===== RECORD EXCERPTS =====
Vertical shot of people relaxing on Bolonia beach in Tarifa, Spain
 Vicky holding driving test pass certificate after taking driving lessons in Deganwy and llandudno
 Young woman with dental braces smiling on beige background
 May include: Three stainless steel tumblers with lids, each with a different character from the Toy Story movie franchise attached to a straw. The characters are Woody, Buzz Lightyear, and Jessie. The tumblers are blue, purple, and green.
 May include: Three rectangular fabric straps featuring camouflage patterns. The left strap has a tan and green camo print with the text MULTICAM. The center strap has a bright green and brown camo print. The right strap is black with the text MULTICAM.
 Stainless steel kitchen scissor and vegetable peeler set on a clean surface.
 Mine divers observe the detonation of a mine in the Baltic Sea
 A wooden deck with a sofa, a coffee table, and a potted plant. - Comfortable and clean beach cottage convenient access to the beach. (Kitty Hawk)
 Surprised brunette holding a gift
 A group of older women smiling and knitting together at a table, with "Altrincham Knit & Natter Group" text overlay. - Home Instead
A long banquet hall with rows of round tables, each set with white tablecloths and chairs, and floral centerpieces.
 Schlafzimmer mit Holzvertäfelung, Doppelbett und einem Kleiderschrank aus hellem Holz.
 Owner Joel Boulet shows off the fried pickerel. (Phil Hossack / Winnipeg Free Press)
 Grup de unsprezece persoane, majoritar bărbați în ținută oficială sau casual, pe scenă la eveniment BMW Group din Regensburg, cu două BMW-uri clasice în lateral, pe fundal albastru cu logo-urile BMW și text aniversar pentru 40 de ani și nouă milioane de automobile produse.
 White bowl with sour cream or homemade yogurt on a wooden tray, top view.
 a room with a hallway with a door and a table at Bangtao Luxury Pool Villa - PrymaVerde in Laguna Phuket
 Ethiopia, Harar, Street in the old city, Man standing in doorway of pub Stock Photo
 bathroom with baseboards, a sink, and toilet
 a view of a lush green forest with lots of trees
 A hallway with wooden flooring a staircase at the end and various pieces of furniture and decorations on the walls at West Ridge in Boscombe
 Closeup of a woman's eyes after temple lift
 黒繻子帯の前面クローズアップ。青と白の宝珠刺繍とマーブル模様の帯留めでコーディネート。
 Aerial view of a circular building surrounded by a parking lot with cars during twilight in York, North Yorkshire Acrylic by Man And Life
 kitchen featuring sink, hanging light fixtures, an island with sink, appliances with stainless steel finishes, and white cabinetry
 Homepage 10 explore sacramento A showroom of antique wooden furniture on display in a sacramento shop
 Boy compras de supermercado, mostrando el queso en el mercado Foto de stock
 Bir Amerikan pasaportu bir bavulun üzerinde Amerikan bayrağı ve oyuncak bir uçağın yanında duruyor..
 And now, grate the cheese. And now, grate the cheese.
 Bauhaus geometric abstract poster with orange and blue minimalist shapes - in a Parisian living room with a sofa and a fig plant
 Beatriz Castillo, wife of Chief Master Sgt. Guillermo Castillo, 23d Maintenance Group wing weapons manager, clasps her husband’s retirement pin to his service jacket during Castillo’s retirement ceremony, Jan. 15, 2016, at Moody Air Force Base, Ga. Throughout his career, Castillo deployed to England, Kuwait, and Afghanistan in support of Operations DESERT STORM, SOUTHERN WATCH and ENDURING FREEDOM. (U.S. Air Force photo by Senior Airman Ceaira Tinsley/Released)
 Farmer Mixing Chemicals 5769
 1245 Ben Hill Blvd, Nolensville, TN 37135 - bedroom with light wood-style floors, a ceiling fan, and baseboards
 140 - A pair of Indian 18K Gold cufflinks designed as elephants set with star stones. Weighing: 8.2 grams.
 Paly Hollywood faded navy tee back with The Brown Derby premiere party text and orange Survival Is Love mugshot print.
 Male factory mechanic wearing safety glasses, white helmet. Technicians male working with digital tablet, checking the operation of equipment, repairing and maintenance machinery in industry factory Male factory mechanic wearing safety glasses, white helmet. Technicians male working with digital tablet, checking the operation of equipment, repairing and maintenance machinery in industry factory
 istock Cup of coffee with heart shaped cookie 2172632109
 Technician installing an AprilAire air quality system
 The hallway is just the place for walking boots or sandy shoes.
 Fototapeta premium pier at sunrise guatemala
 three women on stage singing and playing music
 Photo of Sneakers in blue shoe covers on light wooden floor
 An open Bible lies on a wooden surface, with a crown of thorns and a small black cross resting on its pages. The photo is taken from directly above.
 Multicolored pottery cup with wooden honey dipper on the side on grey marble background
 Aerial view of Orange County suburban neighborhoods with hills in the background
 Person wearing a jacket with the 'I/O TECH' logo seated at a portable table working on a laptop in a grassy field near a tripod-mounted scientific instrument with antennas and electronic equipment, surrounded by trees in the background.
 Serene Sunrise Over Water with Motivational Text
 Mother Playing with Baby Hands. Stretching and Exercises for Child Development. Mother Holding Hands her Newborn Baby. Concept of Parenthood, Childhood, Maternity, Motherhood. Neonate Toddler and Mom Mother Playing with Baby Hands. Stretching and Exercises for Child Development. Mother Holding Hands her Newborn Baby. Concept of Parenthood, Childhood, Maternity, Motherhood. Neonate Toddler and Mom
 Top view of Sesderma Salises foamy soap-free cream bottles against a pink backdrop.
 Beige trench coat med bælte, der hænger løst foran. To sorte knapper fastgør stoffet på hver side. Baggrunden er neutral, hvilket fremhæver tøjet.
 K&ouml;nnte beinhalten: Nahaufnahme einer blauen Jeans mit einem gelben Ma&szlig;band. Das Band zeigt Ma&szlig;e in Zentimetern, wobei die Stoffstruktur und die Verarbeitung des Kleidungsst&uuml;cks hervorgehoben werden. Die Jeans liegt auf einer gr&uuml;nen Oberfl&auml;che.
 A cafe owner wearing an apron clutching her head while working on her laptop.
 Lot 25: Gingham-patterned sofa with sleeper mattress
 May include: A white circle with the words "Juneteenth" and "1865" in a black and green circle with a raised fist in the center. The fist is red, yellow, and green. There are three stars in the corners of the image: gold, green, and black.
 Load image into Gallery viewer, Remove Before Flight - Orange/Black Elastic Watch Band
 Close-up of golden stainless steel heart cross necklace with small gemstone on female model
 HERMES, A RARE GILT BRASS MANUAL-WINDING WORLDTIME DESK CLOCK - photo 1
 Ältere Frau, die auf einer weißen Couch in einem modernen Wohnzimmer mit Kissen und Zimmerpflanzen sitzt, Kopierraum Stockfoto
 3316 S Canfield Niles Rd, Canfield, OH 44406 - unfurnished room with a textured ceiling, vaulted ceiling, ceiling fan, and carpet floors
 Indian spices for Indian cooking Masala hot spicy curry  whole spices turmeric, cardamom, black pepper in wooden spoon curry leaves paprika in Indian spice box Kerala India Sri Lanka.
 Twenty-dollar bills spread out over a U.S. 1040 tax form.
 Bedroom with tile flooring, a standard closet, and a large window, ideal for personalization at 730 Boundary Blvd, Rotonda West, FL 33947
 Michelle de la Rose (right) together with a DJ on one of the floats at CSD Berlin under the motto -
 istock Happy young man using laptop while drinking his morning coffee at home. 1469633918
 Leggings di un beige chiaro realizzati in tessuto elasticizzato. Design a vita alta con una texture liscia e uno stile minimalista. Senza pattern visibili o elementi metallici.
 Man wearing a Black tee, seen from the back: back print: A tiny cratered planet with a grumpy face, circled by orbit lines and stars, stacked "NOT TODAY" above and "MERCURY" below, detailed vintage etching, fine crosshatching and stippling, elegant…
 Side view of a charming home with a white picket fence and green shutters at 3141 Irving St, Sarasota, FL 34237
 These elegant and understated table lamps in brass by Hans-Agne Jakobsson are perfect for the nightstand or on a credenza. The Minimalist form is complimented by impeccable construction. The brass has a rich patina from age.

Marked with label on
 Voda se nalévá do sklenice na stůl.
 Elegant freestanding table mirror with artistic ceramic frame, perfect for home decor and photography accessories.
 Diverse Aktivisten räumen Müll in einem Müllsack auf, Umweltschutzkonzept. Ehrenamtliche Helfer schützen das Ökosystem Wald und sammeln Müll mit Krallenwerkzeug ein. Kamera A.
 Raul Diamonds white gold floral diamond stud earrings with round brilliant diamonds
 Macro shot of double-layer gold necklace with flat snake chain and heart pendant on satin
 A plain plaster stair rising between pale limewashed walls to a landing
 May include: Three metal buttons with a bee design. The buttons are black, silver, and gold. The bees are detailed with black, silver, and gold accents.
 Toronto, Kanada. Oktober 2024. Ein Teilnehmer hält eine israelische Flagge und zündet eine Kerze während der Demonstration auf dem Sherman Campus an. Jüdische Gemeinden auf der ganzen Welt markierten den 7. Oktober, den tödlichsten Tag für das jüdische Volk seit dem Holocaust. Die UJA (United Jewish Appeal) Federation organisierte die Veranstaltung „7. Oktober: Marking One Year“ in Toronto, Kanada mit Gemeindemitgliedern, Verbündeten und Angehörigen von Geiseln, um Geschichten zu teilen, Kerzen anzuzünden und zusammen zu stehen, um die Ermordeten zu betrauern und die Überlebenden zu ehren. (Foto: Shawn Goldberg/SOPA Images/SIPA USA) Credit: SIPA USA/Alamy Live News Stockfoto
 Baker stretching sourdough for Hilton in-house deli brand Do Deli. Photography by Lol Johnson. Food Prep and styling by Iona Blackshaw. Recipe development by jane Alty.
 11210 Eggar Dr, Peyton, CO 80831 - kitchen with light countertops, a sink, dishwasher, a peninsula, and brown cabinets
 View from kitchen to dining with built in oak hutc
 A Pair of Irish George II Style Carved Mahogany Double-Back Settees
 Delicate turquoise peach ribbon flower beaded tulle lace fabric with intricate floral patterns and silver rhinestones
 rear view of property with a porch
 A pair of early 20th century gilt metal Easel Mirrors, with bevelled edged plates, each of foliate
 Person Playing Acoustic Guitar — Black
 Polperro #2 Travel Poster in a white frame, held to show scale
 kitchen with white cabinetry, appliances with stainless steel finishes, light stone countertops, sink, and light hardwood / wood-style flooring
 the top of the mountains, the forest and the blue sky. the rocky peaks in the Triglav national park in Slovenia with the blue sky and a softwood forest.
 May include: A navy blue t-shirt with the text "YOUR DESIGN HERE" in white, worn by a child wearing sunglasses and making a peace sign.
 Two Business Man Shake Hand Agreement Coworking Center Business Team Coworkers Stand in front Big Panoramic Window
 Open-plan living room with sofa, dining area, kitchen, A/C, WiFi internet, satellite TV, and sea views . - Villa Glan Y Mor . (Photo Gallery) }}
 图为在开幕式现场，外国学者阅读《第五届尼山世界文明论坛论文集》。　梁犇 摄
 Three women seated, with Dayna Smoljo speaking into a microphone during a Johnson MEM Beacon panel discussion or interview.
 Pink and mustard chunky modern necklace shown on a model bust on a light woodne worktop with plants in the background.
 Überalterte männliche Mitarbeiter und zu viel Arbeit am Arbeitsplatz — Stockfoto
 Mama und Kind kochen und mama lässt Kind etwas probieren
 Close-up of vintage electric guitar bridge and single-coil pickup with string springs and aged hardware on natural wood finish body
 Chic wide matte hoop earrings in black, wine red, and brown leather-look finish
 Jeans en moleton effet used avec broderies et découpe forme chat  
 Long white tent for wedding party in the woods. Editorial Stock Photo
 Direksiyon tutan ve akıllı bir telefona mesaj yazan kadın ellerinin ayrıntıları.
=====
## YOUR GOAL
Print again the lines of the entries above that fall between the line holding "White bowl with" and the line holding "bathroom with baseboards, a sink, and toilet", inclusive, exactly as they stand.

## TASK OUTPUT
 White bowl with sour cream or homemade yogurt on a wooden tray, top view.
 a room with a hallway with a door and a table at Bangtao Luxury Pool Villa - PrymaVerde in Laguna Phuket
 Ethiopia, Harar, Street in the old city, Man standing in doorway of pub Stock Photo
 bathroom with baseboards, a sink, and toilet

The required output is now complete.